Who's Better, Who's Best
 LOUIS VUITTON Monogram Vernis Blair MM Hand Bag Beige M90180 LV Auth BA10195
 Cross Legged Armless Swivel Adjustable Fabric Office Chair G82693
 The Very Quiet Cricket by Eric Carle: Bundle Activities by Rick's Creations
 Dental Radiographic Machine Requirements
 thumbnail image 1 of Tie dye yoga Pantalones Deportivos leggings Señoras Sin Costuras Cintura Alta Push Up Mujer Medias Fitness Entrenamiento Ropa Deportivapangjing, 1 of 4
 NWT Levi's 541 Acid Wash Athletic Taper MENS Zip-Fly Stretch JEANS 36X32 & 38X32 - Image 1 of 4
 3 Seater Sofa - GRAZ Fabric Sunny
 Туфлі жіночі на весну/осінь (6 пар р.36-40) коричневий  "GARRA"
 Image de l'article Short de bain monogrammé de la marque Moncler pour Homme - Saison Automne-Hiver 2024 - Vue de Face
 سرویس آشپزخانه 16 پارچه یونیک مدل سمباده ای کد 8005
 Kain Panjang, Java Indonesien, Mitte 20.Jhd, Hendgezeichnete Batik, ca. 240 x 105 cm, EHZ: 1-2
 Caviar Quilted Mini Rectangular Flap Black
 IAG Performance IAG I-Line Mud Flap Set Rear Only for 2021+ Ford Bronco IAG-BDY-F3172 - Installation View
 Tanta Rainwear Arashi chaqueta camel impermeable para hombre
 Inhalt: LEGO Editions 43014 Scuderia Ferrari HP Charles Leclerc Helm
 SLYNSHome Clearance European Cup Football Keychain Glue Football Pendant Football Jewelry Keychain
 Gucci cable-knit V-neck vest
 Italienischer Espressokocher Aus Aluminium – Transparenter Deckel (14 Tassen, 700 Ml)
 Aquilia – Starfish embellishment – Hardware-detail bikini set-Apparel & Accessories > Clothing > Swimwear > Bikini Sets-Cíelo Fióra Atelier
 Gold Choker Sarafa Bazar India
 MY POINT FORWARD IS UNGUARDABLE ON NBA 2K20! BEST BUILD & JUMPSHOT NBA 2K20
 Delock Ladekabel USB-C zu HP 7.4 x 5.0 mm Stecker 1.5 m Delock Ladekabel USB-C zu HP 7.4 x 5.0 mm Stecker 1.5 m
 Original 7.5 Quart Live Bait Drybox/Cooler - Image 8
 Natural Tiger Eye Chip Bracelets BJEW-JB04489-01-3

══════════

Work request
Tell how many lines of the material above hold "Fabric", answering with a bare number.

Reply to the task
2